Triathlon website TriRig is getting ready to launch the Mercury pedal, a 35g sleeve-clamp design inspired by the Aerolite pedal from 1986.
The Mercury comes on the heels of the 36g Ultralite pedal launched late last year in Boulder, Colorado. At just a hair over over 35g — a pair weighs 71g — the Mercury could become the world's light road pedal. Please note that this is the prototype weight; final product is expected in March.
The Mercury pedal consists of just three parts. A nylon sleeve is secured onto a titanium spindle with a 4mm hex bolt. The one-piece, C-shaped, plastic cleat clamps down onto the sleeve, which rotates on the spindle. To engage, the rider steps straight down onto the pedal. To disengage, the rider rolls their foot out to the side - not the traditional, heel-twist motion used with systems like Shimano, Look or Time.
Step down to engage; roll the foot in supination, as if twisting your ankle, to disengage
Unlike the old Aerolite pedals, however, the Mercury pedals can adjust for Q factor, or stance width, via spacers on the spindle. Each set will come with 3mm and 6mm spacers. The total Q factor range is 47-56mm.
There are no bearings in the system. The nylon sleeve just rotates on the titanium spindle.
The pedals are fixed, meaning there is no float in the system. They work on the standard three-hole cleat pattern, but there is slightly less fore-aft adjustment (about 4mm) than a standard pedal.
The pedals are still in prototype stage, but the price has been set at $249 (£156).
There are no bearings in the system. The nylon sleeve just rotates on the titanium spindle
Each pedal weighs a claimed 35g (although they must be at least a fraction of a gram heavier, as TriRig pictures show a pair on a scale with a 71g readout), the cleats weigh a claimed 19g apiece and the three cleat bolts are probably about 6g per shoe. All told you're looking at roughly 120g for the entire system.

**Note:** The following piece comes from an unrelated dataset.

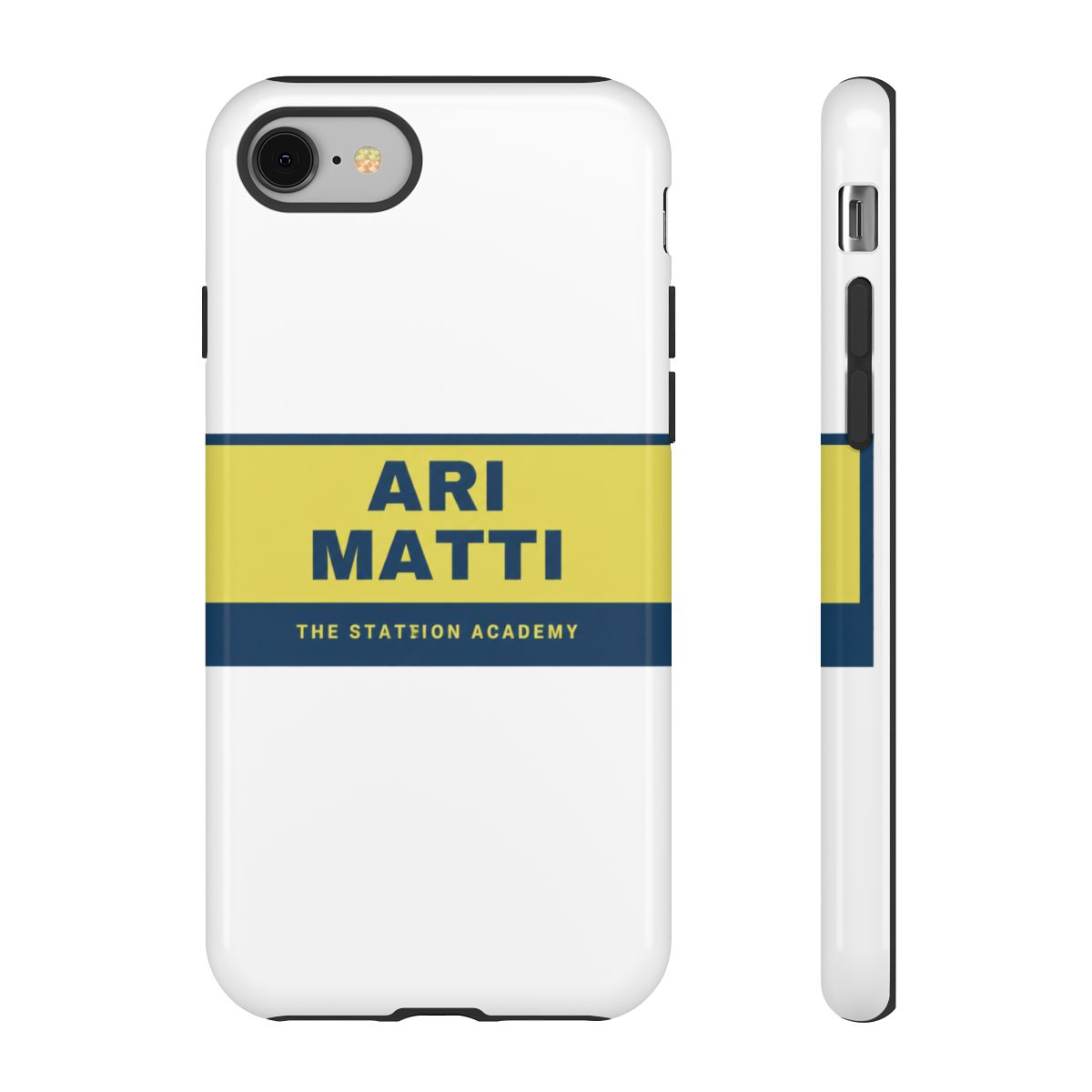 Ari Matti Phone Case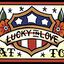Lucky in Love Tattoo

"The inspiration/motivation for making these began with Aerolite," TriRig's Nick Salazar told BikeRadar. "I used those pedals for a season, and while I greatly admired the simplicity and low weight of the system, it was simply impractical to use based on the unique bolt pattern. You basically have to drill your shoes to use those, and then you have no room for adjustment after that. There were some other fit and function issues I had with those as well. Mercury is my take on that type of mechanism, but updated for use with modern bike shoes, and with some unique improvements (Q adjustment, etc)."
The pedals also have a very low stack height (the distance from the bottom of the shoe to the center of the spindle) of a claimed 10.5mm.
3mm or 6mm spacers can be added to extend Q factor (stance width)
When the pedals go on sale, likely in March, TriRig will offer a six-month return policy. "We want everyone to be able to try these out without fear that they won't suit the rider," Salazar said. "So you can use and abuse them for an entire season, and send them back if they don't work."
The cleats are 15mm tall and 55mm wide. While that healthy width could provide a stable pedaling platform, the shape of the cleat will likely make walking more difficult than a more common cleat system, which is something Salazar acknowledges. "Any cleat of this type is going to be harder to walk in than something like, say, Keywin," he said. "Mercury is optimized for its merits as a cycling instrument, not as a walking implement."
"The Mercury isn't meant to be all things to all people, but we think that most riders who really give them a shot will absolutely love them," Salazar said. "That's why we offered the extra-long returns for these. Pedals are something people can get very personal about, and we want everyone to feel very free to try these out."